Оглянувшись на петли длинной дороги, спросим себя: в счастливом ли?

Кадильный сладкий дым горестного отпевания матери, чад военных пожаров, зеленовато-желтый туман газовой атаки, дымчатые тифозные видения, бронепоезда и пароходы в угольном дыму, пороховой дым расстрелов, растаявшее облако несбывшейся любви, дым кирпичной трубы Магнитки и вересковой сталинской трубки, операционный мираж, пестрый дым литпроцесса с пламенными выпадами критика Дымшица…

Ничто с детства и до ухода не могло заслонить его необычайно зоркий и, конечно, вопреки трагизму – радостно-детский взгляд.

У Катаева была глубокая душа. И таинственная.

Свою тайну он унес с собой.

Обычно люди стараются не вспоминать травмирующие события. Он хотел осознать, осмыслить и прочувствовать все до конца. Не боялся прикасаться к ранам, не заживавшим никогда. Он с разных сторон и на все большей глубине вновь и вновь возвращался к главным, болевым точкам жизни.

Обостренно одинокий, закрытый, скрывавший важную часть себя даже от близких, он заглушал страдания бравадой, буффонадой, попойками, показной беспечностью. Но и настоящей литературой.

Поэтому все же дым счастливый.

Жизнь воспринималась им как произведение, а значит, и принималась.

Катаев – весь вызов. Он весь – слишком. Художник-маг, которому завидуют и сейчас и чей дар не могут оспорить. Баснословно успешный, но не через карьерные интриги, а благодаря дару.

В силу этого редкого дара он был сам по себе, свободный от групп, стаек, общественного мнения.

Спасатель судеб. Устроитель литературы, которая без него была бы другой. Бескорыстно открывавший и опекавший таланты.

Русский человек. Потомок славных родов. Герой войны. До конца дней сохранивший офицерский государственнический инстинкт.

Оболганный. Да, так. Слева и справа бормочут нелепые небылицы и однообразные байки, пытаясь представить бóльшим грешником, чем остальные…

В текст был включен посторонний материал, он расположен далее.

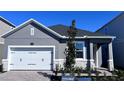 Single-story home with a two car garage, stone accents and a nicely landscaped front yard at 1173 Basalt Ln, Sanford, FL 32771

Он был грешен, но в отличие от очень многих не разыгрывал святошу.

Отрицание Катаева – унылая стайность, которая передается во времени.

Наслаждение Катаевым – вечная весна.

ПРИЛОЖЕНИЯ

Приложение 1
Основные сочинения Валентина Катаева

1923 — «Сэр Генри и черт».

1924 — «Остров Эрендорф».

1924 — «Повелитель железа».

1926 — «Растратчики».

1927 — «Квадратура круга».

1928 — «Отец».

1932 — «Время, вперед!».

1936 — «Белеет парус одинокий».

1937 – «Я, сын трудового народа».

1940 — «Домик».

1944 — «Жена».

1945 — «Сын полка».

1949 — «За власть Советов».

1951 — «За власть Советов» (новая редакция).

1956 — «Хуторок в степи».

1960 — «Зимний ветер».

1964 — «Маленькая железная дверь в стене».

1965 — «Святой колодец».

1967 — «Трава забвенья».

1969 — «Кубик».

1972 — «Разбитая жизнь, или Волшебный рог Оберона».

1974 — «Фиалка».

1975 — «Кладбище в Скулянах».

1978 — «Алмазный мой венец».

1980 — «Уже написан Вертер».

1982 — «Юношеский роман».

1986 — «Сухой лиман».

В печати выходили очерки и юморески Валентина Катаева под псевдонимами: В. Къ., Вал. К., Валентин Петрович, Старик Саббакин, Оливер Твист, Митрофан Горчица и др.

Приложение 2
Письма из личного архива Людмилы Коваленко
Илья Ильф и Юрий Олеша – Анне Коваленко

Дружок!

Молодец, что решила ехать. Жду тебя. Я уже забыл какая ты точно. Говорят, ты подстриглась… Приезжай. Увидимся. Думаю, что здесь тебе будет хорошо… Жду.

Целую лапки с нежностью.

Поцелуй Тамару. Кланяйся маме и Сереже.

Юра.

Дорогая Муся,

я вновь призываю Вас к себе. Пребудьте с нами. Все написанное подтверждаю.

Целую.

Иля.

29.03.23 г.

Москва

Чистые Пруды

Мыльников 4 кв 2(a)

19 ч. 30 м.

[рисунок]

Этого зайца и эту собаку я подарил Вале. А Вам, если Вы приедете, я подарю лошадь большую и живую.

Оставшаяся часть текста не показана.